Il fatto che si vada oltre settembre significa una cosa sola: che la storia del boss libico scarcerato e portato a casa sua dal nostro governo, nonostante la richiesta di arresto da parte della Corte penale internazionale, ci accompagnerà per tutte queste settimane estive accalorando lo scontro tra la destra e i giudici, tra la destra e la sinistra.
Certo il governo, alle prese con l’iniziativa giudiziaria del Tribunale dei ministri contro i tre esponenti ministeriali ma non contro la premier la cui posizione è stata archiviata, si è messo in una situazione abbastanza paradossale. Mentre quando la storia arrivò in Parlamento si capiva bene che Nordio e Piantedosi si stavano arrampicando sui tecnicismi per giustificare una scelta che non volevano fosse considerata «politica», adesso Meloni è la prima a rivendicare proprio a sé stessa una condotta politicamente fondata: abbiamo agito per difendere l’interesse nazionale di fronte a possibili rappresaglie delle bande che obbediscono ad Almasri in Libia.
È la stessa posizione del Guardasigilli, che rivendica alla sua «responsabilità politica e giuridica» le scelte del ministero cercando così di scagionare il suo capo di Gabinetto le cui dichiarazioni sono considerate «contraddittorie se non mendaci» dal Tribunale dei ministri.
Siamo dunque di fronte ad un cambio di linea che in qualche modo bisognerà giustificare quando si voterà in Parlamento per le autorizzazioni a procedere (scontato che saranno respinte per i ministeriali, più complicata la faccenda del capo di Gabinetto di Nordio). Insomma, le cose non saranno facili: il governo si è esposto ad una facile polemica da parte delle opposizioni, basta ascoltare Renzi per capire dove va a parare la minoranza: «Siamo in mano a dei dilettanti allo sbaraglio». Per questa ragione ora la premier fa un fuoco di sbarramento soprattutto contro la magistratura, accusandola di perseguire un disegno politico ostile al governo, teso soprattutto a minarne la politica di respingimento dell’immigrazione clandestina anche come rappresaglia per la riforma della giustizia che sancisce la separazione delle carriere tra giudici e procuratori, che modifica il Csm e punta a smantellare le correnti organizzate dell’Anm. Un copione di botta-e-risposta che ormai conosciamo a memoria: il centrodestra parla di magistratura politicizzata, i magistrati rispondono protestando perché si minerebbe la loro autonomia e indipendenza. È dai tempi di Berlusconi che va avanti così.
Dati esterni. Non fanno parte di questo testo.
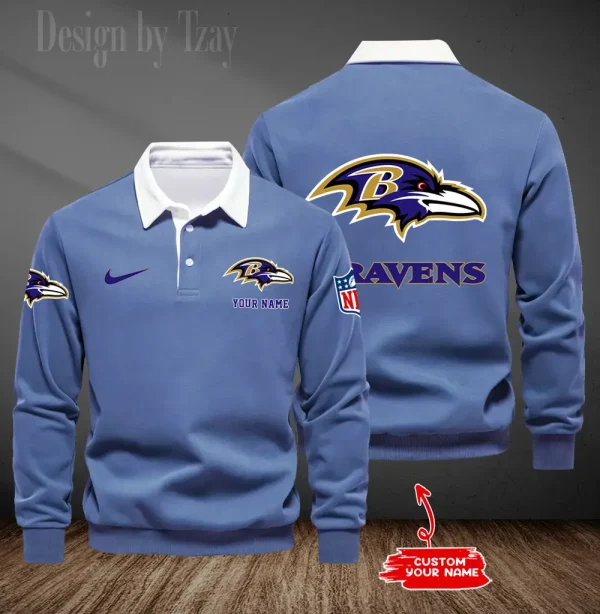 Baltimore Ravens Long Sleeve Men's Golf Polo Shirt SPTLSMGPS003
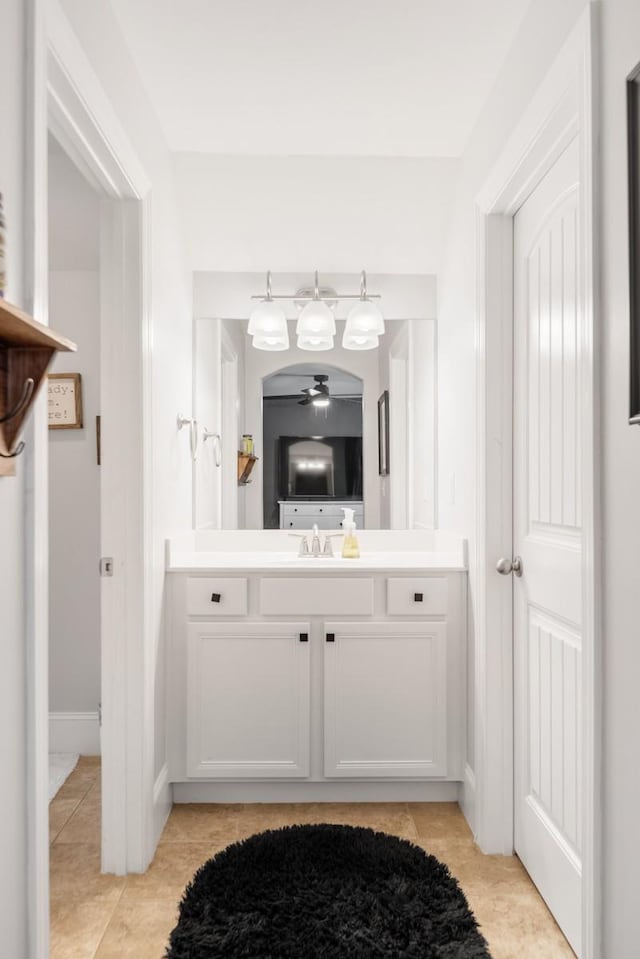 bathroom featuring vanity and tile patterned flooring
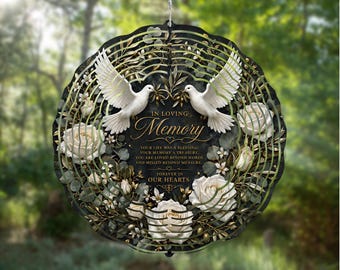 Girandola a vento con doppia colomba PNG / In memoria di una persona cara / Rosa bianca e ramo d'ulivo / Download digitale per sublimazione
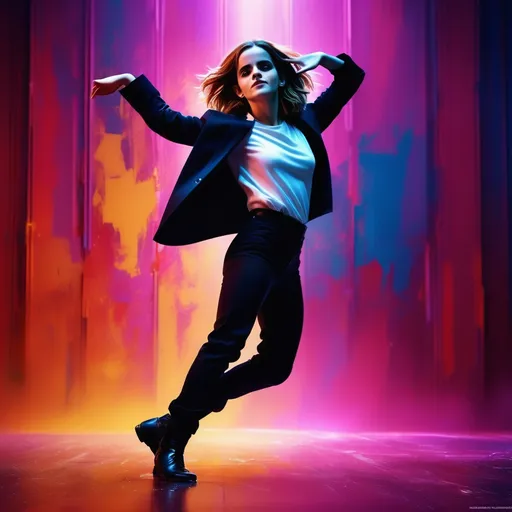 Prompt: (Elevated art piece of Emma Watson), (dancing in a dynamic pose), inspired by Michael Jackson's iconic moves, (vibrant colors), (dramatic lighting), showcasing grace and energy, (high-quality, ultra-detailed), a captivating blend of elegance and rhythm, set against a stylish, abstract background that enhances the visual impact, (cinematic atmosphere).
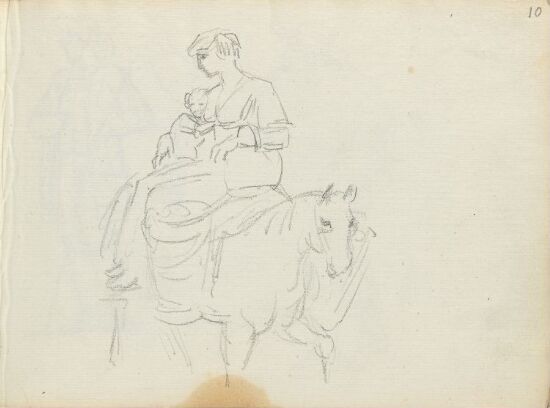 Figurstudie; kvinne og barn til hest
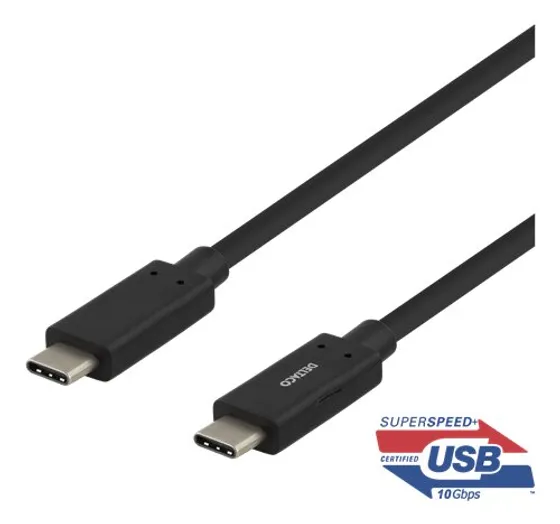 Deltaco USB 3.1 kabel, Typ C - Typ C, Gen 2, 1m - Svart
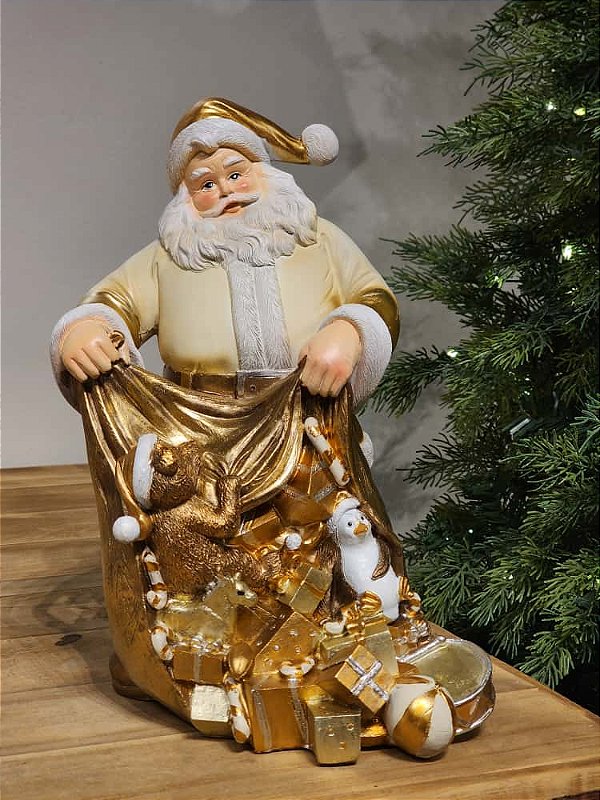PAPAI NOEL COM PRESENTES DOURADO E BRANCO 32CM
Ma la premier ce l’ha anche con le opposizioni. Accusa di «anti-italianità» il duo Bonelli & Fratoianni che intende denunciare il governo di fronte alla Corte penale internazionale per complicità con Israele a Gaza, e se la prende con Giuseppe Conte, anzi con «un Conte qualsiasi» ricordandogli che lei è un premier che si assume le sue responsabilità nella guida dell’intero governo («non sono mica Alice nel Paese delle meraviglie») a differenza sua che, ai tempi della vicenda della Open Arms «fece finta di non sapere cosa stava facendo il suo ministro dell’Interno Salvini con la chiusura dei porti alle navi delle ong».
Conclusione: la premier rinfaccia alla sinistra di cogliere ogni occasione per utilizzare i giudici cercando di sconfiggere la maggioranza e il governo attraverso la via giudiziaria dal momento che non riesce a centrare l’obiettivo per via elettorale.